Another thing, can the head light be changed very readily, to "LED", and do you sell them as well?...................Thanks in advance........................... Brandy
No reason I can think of that it couldn't be used. It would install in the locomotive. The LED's are standard LED's, I can certainly get all you need.
Originally Posted by Bob Rumer:
Yes it was upgraded to TMCC, it has a switch hooked to the tender axle.
You recently fixed the smoke unit.
Best regards
Bob
Sent from my iPad
> On Jun 9, 2014, at 4:41 PM, O Gauge Railroading On Line Forum wrote:
>
Right Bob. I see a lot of engines, so it's hard to keep track of which specific ones I've seen. It should work fine in that one.
Originally Posted by 86TA355SR:
That is awesome, beautiful, and well done.

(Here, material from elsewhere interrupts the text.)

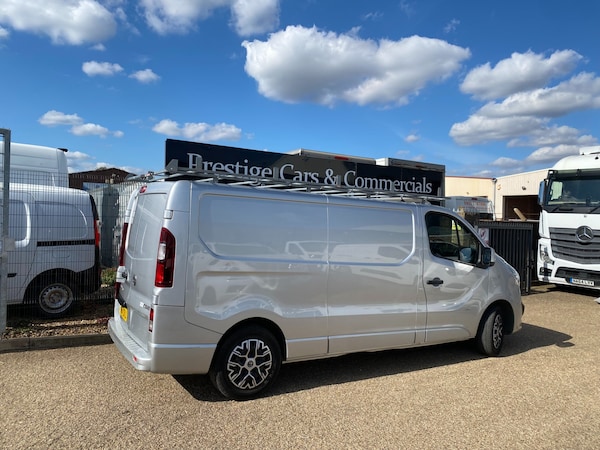 Used Vauxhall Vivaro 2017 for sale - 76325047: Photo 53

Envy your ability!
I'll be needing a few of these also.
I'll be ready in a few weeks at most to supply all you need.
Originally Posted by Nicks Trains:
Is this an entire new board or a part that plugs into existing boards?
It's all about cost.
It's a totally new board, but it works in conjunction with the existing TMCC electronics, it does not replace any of it.
Originally Posted by SantaFe158:
Looks like a neat upgrade.
Just out of curiosity (since I stare at the top of a smokestack all day at work when firing steam locomotives), is there a way to keep the fan running at a lower speed and accelerate it for each chuff?
I'll have to watch closely tomorrow to make sure I'm not imagining things, but the smoke from the fire is constantly "flowing" out of the stack, the exhaust steam from the cylinders just puffs through it (creating a draft through the fire at the same time).
If you're simulating a clean fire with just the exhaust steam then it looks like you have it covered
I can't run the motor slow enough to really simulate that effectively, and I'd also probably have to have control of the heater to do it properly. Maybe in another version. FWIW, the fan kinda' does that by default, it doesn't stop instantly, so it coasts to a stop.